Instructions to follow: Using the entries below, copy exactly each line from the line with "May include: A" up to and including the line with "Valantomode | Adjustable", with every picture left out.

Records for processing:

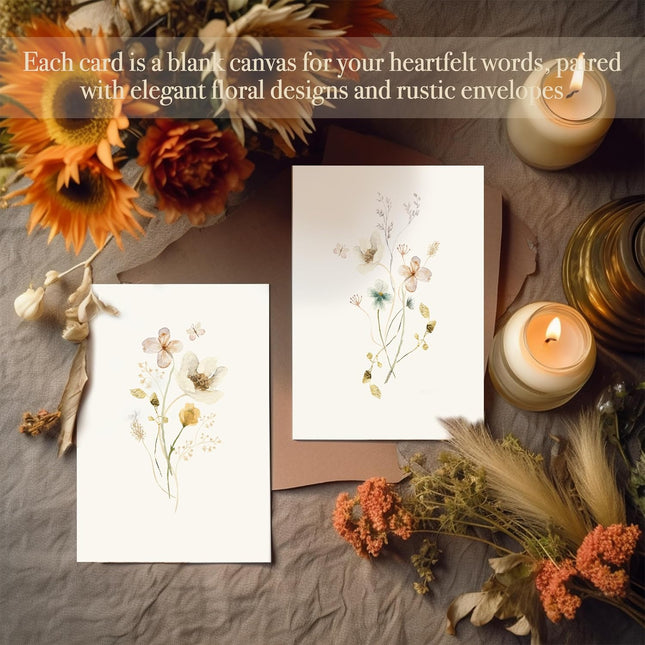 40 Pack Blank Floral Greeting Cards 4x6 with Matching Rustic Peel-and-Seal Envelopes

...

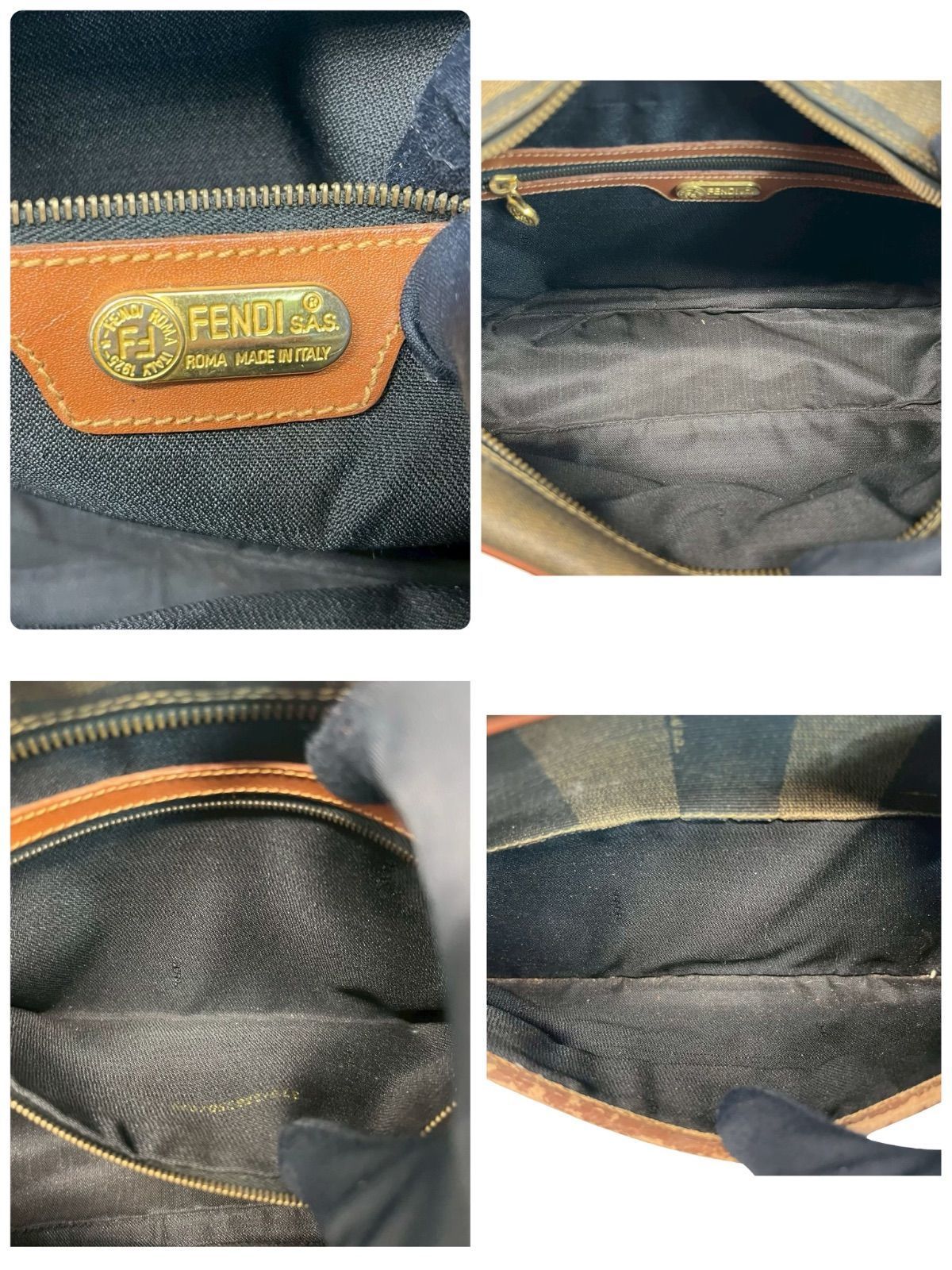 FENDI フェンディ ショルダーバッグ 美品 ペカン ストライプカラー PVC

---

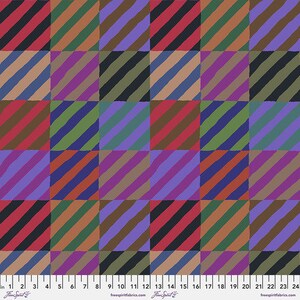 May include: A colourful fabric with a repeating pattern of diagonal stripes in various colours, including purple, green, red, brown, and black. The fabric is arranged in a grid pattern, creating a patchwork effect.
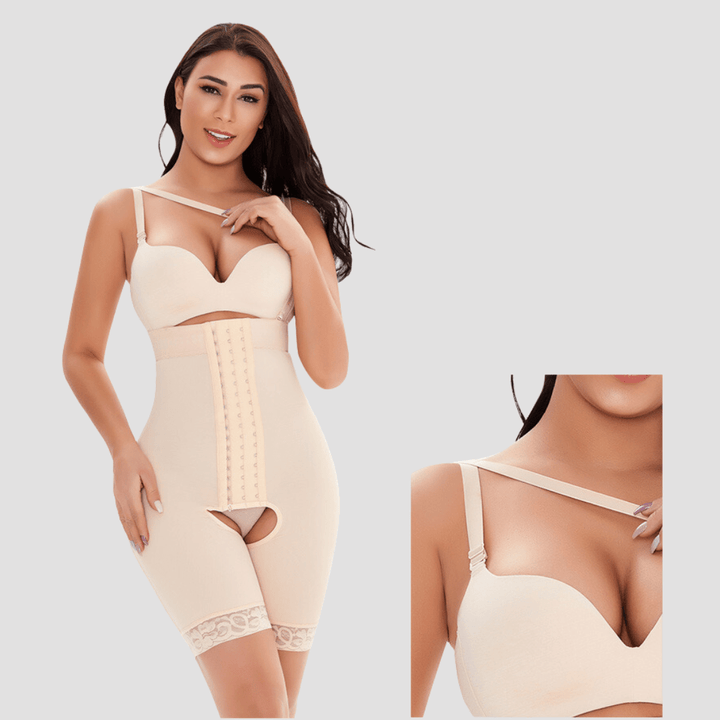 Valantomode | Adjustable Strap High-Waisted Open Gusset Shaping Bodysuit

Your solution:
 May include: A colourful fabric with a repeating pattern of diagonal stripes in various colours, including purple, green, red, brown, and black. The fabric is arranged in a grid pattern, creating a patchwork effect.
 Valantomode | Adjustable Strap High-Waisted Open Gusset Shaping Bodysuit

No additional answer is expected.